But the system designed to produce them is actually holding them back. Not the county system - the environment which has given England Finn, Tymal Mills, the Overton twins, Stuart Meaker and many others - but the extended England environment.

At an open day at the ECB's National Performance Centre not so long ago, there was a presentation that talked with pride about the speeds achieved by some young English bowlers under laboratory conditions. Dig a little deeper, however, and you discover that fastest pace achieved was by Meaker, the Surrey bowler who deteriorated markedly for his exposure to the England environment this time last year, on his first visit to the site. On each subsequent visit, burdened by more advice from ECB specialists, he has become a touch slower.

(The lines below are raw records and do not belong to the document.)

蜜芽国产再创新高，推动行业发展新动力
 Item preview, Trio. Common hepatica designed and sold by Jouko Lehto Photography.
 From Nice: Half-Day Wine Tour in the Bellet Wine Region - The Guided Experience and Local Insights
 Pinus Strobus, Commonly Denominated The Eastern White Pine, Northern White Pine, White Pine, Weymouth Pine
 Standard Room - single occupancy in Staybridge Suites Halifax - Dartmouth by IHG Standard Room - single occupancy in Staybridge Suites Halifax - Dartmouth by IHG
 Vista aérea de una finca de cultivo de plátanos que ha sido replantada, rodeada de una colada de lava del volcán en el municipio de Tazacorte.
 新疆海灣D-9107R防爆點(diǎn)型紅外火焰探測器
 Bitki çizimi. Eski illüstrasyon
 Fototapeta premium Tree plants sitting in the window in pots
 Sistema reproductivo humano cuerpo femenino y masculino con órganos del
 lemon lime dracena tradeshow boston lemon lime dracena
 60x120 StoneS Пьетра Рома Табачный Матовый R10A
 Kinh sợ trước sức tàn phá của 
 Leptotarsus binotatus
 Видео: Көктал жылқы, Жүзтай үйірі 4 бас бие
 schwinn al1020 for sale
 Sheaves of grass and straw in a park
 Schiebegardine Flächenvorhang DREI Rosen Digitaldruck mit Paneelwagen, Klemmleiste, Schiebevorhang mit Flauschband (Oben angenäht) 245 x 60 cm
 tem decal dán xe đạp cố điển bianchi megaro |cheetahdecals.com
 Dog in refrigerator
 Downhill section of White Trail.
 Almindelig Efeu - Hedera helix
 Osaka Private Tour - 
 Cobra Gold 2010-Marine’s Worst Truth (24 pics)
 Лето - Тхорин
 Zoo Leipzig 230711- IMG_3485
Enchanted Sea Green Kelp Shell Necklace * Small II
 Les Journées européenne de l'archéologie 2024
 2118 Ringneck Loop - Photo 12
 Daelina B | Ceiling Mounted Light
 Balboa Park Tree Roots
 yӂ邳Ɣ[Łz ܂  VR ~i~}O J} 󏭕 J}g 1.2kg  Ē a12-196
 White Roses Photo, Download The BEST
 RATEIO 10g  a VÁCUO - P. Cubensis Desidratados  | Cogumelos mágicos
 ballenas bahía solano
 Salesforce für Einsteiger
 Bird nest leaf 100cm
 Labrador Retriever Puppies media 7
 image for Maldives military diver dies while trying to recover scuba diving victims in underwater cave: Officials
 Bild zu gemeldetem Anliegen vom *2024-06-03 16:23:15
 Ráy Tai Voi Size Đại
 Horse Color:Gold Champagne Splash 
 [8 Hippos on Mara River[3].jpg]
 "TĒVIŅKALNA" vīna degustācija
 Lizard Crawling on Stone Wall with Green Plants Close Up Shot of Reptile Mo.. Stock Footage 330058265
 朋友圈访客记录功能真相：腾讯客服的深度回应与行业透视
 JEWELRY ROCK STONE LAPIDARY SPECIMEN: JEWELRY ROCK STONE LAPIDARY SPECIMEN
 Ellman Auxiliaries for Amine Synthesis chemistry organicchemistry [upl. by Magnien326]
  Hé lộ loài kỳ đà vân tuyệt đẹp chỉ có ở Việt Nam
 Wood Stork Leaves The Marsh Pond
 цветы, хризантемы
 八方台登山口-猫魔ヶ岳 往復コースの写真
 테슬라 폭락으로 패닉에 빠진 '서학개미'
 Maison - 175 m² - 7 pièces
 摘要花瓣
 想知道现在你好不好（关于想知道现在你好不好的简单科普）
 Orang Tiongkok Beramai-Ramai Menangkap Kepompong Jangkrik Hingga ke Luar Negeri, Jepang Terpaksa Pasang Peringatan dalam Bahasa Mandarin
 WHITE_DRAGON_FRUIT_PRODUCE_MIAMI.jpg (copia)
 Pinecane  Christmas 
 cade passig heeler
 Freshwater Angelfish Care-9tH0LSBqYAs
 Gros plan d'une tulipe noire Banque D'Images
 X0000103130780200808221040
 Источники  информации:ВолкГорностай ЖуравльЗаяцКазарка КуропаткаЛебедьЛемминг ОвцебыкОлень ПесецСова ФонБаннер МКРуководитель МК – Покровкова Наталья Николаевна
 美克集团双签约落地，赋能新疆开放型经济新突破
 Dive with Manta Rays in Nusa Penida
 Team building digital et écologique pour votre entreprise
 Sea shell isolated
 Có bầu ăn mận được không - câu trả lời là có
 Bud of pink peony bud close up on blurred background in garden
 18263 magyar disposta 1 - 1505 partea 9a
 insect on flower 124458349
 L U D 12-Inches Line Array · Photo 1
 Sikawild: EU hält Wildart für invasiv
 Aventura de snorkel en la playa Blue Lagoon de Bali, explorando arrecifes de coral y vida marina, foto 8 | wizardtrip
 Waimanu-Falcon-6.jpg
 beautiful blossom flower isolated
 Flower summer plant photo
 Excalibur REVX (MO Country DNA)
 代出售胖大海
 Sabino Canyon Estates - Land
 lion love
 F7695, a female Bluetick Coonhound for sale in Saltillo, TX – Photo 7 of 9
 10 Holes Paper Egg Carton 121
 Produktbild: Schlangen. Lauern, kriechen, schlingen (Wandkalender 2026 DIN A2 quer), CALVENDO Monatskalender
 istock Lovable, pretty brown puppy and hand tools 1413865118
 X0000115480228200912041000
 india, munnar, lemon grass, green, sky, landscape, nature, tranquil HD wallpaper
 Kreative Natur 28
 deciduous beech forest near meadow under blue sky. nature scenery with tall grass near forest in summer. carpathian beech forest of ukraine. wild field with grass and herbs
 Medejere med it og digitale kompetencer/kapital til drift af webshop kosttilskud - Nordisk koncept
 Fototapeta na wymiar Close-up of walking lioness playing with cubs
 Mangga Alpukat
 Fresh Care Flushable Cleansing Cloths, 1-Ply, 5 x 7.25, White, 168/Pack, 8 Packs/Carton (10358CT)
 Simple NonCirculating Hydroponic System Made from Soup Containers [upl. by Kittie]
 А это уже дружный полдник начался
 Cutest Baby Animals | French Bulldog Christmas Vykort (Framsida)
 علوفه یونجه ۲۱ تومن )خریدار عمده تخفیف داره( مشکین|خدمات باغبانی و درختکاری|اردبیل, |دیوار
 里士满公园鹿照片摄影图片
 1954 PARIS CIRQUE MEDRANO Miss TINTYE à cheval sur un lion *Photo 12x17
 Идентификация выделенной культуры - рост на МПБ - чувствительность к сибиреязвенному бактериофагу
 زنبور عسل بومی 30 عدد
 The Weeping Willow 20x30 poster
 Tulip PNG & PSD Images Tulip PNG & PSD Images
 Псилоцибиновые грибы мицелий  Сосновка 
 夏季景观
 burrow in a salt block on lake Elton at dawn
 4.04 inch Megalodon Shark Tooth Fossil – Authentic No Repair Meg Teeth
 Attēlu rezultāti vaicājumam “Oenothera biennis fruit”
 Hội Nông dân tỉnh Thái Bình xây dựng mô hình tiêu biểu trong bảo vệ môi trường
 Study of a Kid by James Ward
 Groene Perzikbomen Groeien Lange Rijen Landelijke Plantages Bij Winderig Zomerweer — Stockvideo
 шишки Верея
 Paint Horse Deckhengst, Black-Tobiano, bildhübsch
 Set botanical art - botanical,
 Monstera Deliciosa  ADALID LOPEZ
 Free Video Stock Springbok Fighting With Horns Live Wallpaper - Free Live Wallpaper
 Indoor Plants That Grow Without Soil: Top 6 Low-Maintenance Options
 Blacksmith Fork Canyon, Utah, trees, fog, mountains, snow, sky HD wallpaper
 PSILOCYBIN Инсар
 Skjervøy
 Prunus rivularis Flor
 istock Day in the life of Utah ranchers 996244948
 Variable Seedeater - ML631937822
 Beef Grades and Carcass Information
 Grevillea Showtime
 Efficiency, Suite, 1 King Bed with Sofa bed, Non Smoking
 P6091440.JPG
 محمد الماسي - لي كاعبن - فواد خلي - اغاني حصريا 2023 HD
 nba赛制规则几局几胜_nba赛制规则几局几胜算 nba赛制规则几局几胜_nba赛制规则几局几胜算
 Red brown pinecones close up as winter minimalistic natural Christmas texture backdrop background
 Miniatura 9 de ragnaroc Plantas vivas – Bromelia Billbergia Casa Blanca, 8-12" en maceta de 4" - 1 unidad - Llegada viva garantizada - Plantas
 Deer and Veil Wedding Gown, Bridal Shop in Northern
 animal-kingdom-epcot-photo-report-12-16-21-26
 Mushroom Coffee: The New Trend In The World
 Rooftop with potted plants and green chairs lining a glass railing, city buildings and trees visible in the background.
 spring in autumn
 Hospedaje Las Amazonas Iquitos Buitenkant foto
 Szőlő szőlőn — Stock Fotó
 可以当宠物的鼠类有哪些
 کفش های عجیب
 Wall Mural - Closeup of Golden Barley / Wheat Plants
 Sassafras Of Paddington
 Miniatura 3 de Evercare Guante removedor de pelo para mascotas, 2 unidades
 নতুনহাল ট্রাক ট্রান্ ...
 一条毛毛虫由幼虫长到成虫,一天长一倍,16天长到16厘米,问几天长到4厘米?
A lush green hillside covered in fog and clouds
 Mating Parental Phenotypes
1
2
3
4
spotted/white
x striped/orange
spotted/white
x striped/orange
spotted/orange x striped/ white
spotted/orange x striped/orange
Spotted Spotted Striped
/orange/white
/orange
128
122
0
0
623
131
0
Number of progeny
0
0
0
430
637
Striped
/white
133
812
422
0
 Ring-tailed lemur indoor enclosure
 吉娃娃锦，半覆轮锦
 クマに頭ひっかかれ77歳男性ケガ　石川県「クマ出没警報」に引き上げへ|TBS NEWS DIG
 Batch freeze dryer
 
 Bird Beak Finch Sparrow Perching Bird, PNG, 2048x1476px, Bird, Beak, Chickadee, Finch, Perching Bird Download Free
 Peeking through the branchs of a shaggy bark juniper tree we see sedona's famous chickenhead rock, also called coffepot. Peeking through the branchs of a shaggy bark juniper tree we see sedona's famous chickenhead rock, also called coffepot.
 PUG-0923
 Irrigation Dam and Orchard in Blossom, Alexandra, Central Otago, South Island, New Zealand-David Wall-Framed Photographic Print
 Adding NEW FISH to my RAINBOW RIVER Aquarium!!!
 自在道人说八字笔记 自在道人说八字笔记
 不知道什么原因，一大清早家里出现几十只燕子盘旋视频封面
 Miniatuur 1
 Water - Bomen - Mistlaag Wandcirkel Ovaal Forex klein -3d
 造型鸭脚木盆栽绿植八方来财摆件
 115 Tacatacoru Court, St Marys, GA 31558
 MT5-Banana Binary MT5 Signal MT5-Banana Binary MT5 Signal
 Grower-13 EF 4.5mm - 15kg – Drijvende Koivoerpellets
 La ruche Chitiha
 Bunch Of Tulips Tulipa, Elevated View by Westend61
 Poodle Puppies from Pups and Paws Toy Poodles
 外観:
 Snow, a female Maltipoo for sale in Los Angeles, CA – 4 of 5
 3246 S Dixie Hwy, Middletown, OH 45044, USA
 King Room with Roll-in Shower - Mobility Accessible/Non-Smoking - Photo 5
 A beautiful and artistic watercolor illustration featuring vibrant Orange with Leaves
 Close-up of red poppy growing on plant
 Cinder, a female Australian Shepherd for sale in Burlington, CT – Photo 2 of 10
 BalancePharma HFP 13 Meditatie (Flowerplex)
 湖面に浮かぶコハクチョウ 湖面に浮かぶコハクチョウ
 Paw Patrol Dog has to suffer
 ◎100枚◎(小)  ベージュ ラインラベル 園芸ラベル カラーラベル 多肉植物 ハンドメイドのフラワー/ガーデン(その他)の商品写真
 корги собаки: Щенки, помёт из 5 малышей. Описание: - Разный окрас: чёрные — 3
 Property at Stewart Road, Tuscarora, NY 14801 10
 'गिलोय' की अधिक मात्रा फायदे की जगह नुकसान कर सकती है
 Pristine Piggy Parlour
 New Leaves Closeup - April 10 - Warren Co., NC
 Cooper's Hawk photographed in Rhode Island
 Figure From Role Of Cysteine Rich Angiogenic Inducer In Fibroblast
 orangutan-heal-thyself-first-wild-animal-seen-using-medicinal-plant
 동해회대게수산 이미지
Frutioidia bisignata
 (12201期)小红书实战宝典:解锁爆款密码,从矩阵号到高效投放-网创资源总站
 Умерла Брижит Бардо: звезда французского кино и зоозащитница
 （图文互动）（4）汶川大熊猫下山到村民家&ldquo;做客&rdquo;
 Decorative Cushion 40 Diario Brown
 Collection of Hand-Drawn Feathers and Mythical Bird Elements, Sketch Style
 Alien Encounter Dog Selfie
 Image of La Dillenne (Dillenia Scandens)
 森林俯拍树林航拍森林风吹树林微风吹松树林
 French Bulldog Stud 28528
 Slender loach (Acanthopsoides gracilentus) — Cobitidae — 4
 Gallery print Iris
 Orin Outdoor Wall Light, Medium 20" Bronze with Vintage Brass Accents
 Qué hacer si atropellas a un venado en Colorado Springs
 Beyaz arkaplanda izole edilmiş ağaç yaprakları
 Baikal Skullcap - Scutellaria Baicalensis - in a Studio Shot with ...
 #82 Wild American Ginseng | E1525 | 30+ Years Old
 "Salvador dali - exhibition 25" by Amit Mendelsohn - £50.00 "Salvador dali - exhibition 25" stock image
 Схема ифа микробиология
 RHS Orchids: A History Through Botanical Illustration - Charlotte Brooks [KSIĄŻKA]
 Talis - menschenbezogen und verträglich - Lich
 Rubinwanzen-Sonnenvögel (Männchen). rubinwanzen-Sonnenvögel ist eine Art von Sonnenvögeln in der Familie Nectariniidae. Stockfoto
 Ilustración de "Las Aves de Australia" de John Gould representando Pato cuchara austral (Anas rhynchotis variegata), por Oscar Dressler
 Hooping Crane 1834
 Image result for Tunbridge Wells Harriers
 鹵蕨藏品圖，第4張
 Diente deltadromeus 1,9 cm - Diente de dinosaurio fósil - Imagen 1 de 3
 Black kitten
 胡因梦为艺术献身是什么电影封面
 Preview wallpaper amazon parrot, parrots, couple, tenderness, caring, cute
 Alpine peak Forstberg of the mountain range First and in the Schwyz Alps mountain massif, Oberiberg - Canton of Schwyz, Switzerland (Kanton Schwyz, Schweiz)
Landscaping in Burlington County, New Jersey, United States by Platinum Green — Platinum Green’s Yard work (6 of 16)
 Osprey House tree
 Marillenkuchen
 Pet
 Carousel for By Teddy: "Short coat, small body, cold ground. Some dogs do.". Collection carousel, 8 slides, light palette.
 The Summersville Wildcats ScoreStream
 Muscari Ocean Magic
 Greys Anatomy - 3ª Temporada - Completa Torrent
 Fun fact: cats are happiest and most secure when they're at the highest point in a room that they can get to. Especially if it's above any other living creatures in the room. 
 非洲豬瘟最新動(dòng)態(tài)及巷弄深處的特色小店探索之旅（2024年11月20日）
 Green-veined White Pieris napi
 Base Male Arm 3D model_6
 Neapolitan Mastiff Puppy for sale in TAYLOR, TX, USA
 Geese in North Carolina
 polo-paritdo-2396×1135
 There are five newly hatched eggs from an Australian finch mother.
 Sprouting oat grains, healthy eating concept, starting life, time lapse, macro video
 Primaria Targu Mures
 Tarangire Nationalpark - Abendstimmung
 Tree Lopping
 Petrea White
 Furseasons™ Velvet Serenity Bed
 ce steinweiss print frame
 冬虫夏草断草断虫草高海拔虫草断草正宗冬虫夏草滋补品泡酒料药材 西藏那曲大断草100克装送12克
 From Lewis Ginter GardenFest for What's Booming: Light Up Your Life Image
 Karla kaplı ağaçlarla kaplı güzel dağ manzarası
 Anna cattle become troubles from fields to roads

The experts there will also tell you, with barely concealed pride, that a bowler such as Saeed Ajmal, a man who has been proved to have a legal action, would not be able to progress in English cricket. The experience of Maurice Holmes underlines how hard it is for unorthodox spinners to develop in England.

Around the counties, directors of cricket talk in exasperation of the damaging effects of exposure to the England environment on their players. Look at Finn, or Meaker or Chris Woakes. Even James Anderson, after he had lost his pace, his ability to swing the ball and developed a stress fracture, admitted that he progressed only by going back to what had served him well when he first broke through at Lancashire.

It is hard to avoid the conclusion that all the money spent on developing the best players is, in part, holding them back.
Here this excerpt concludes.